<<<<
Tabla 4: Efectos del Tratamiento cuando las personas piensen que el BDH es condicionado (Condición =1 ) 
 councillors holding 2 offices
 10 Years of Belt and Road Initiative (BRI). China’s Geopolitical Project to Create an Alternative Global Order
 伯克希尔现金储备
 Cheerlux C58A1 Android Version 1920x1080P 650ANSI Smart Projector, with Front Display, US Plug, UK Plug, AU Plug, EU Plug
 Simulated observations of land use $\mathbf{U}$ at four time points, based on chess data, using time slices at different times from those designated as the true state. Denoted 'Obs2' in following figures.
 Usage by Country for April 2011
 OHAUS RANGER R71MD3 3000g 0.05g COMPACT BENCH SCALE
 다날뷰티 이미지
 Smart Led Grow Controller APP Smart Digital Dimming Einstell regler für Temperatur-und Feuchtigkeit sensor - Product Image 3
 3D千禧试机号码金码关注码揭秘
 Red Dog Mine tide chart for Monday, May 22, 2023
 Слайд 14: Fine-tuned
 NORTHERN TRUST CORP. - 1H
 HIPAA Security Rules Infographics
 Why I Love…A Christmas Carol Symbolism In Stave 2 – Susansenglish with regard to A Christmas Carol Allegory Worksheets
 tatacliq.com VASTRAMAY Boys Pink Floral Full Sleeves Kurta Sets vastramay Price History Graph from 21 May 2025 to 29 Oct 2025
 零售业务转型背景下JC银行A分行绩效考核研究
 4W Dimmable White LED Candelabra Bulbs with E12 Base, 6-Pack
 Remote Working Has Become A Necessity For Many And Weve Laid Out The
>>>>
### Problem description
Exactly the lines from the one containing "Red Dog Mine" through the final line above, and only those, should be given again.

### Result
 Red Dog Mine tide chart for Monday, May 22, 2023
 Слайд 14: Fine-tuned
 NORTHERN TRUST CORP. - 1H
 HIPAA Security Rules Infographics
 Why I Love…A Christmas Carol Symbolism In Stave 2 – Susansenglish with regard to A Christmas Carol Allegory Worksheets
 tatacliq.com VASTRAMAY Boys Pink Floral Full Sleeves Kurta Sets vastramay Price History Graph from 21 May 2025 to 29 Oct 2025
 零售业务转型背景下JC银行A分行绩效考核研究
 4W Dimmable White LED Candelabra Bulbs with E12 Base, 6-Pack
 Remote Working Has Become A Necessity For Many And Weve Laid Out The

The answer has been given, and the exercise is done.